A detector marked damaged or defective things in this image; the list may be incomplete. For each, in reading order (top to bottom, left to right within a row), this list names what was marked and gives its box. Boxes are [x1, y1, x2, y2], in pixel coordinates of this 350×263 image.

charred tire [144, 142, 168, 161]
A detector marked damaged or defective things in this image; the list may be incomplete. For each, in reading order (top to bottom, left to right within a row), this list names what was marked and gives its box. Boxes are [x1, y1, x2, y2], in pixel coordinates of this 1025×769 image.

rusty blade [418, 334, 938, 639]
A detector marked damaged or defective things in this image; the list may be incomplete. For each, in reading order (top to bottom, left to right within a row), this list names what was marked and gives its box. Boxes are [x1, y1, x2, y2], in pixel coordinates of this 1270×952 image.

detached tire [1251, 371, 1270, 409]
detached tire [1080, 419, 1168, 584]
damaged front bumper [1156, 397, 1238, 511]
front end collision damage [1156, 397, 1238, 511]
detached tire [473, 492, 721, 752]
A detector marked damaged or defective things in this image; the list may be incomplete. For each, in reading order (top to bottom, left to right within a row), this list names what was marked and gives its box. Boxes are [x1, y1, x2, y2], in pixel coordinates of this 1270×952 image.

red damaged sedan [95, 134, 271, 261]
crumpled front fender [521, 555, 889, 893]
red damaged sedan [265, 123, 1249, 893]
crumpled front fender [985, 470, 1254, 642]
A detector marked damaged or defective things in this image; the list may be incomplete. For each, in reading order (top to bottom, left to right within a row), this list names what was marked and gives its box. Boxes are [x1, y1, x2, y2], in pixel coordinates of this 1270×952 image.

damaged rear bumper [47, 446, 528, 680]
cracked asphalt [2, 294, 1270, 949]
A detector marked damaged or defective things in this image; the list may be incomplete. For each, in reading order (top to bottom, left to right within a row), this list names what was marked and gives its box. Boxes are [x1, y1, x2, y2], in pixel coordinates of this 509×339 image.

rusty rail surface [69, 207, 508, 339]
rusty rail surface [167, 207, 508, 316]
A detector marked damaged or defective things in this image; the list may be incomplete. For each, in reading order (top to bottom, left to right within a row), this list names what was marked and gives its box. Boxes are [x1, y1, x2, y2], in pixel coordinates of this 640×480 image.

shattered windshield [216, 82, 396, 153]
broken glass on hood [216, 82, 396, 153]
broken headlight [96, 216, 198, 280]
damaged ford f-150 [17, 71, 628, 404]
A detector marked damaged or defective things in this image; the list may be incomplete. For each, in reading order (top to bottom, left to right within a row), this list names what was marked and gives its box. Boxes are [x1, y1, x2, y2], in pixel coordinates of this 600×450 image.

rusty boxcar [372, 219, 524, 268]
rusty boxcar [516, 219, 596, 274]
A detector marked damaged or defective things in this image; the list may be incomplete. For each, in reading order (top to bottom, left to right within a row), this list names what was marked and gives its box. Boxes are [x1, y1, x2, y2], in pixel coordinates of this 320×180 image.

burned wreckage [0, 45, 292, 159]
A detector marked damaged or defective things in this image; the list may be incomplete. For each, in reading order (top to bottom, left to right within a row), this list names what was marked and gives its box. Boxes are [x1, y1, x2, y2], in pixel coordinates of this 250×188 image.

TASK GOAL.
Could you copy out the data in full, exactly as it is written?

WRITTEN SOLUTION.
A detector marked damaged or defective things in this image; the list may be incomplete. For each, in reading order (top to bottom, left to right within a row), this list names what was marked and gives its box. Boxes are [x1, y1, x2, y2], in pixel coordinates of this 350×263 image.

charred tire [144, 142, 168, 161]
A detector marked damaged or defective things in this image; the list may be incomplete. For each, in reading order (top to bottom, left to right within a row), this list names what was marked and gives its box. Boxes are [x1, y1, x2, y2], in pixel coordinates of this 1025×769 image.

rusty blade [418, 334, 938, 639]
A detector marked damaged or defective things in this image; the list may be incomplete. For each, in reading order (top to bottom, left to right within a row), this list names what was marked and gives its box. Boxes are [x1, y1, x2, y2], in pixel coordinates of this 1270×952 image.

detached tire [1251, 371, 1270, 409]
detached tire [1080, 419, 1168, 584]
damaged front bumper [1156, 397, 1238, 511]
front end collision damage [1156, 397, 1238, 511]
detached tire [473, 492, 721, 752]
A detector marked damaged or defective things in this image; the list may be incomplete. For each, in reading order (top to bottom, left to right within a row), this list names what was marked and gives its box. Boxes are [x1, y1, x2, y2], in pixel coordinates of this 1270×952 image.

red damaged sedan [95, 134, 271, 261]
crumpled front fender [521, 555, 889, 893]
red damaged sedan [265, 123, 1249, 893]
crumpled front fender [985, 470, 1254, 642]
A detector marked damaged or defective things in this image; the list may be incomplete. For each, in reading order (top to bottom, left to right within a row), this list names what was marked and gives its box. Boxes are [x1, y1, x2, y2], in pixel coordinates of this 1270×952 image.

damaged rear bumper [47, 446, 528, 680]
cracked asphalt [2, 294, 1270, 949]
A detector marked damaged or defective things in this image; the list may be incomplete. For each, in reading order (top to bottom, left to right within a row), this list names what was marked and gives its box. Boxes are [x1, y1, x2, y2], in pixel coordinates of this 509×339 image.

rusty rail surface [69, 207, 508, 339]
rusty rail surface [167, 207, 508, 316]
A detector marked damaged or defective things in this image; the list may be incomplete. For each, in reading order (top to bottom, left to right within a row), this list names what was marked and gives its box. Boxes are [x1, y1, x2, y2], in pixel coordinates of this 640×480 image.

shattered windshield [216, 82, 396, 153]
broken glass on hood [216, 82, 396, 153]
broken headlight [96, 216, 198, 280]
damaged ford f-150 [17, 71, 628, 404]
A detector marked damaged or defective things in this image; the list may be incomplete. For each, in reading order (top to bottom, left to right within a row), this list names what was marked and gives its box. Boxes are [x1, y1, x2, y2], in pixel coordinates of this 600×450 image.

rusty boxcar [372, 219, 524, 268]
rusty boxcar [516, 219, 596, 274]
A detector marked damaged or defective things in this image; the list may be incomplete. For each, in reading order (top to bottom, left to right within a row), this list names what was marked and gives its box. Boxes are [x1, y1, x2, y2], in pixel coordinates of this 320×180 image.

burned wreckage [0, 45, 292, 159]
A detector marked damaged or defective things in this image; the list may be incomplete. For each, in reading order (top to bottom, left to right within a row), this list names what was marked and gives its box. Boxes are [x1, y1, x2, y2], in pixel coordinates of this 250×188 image.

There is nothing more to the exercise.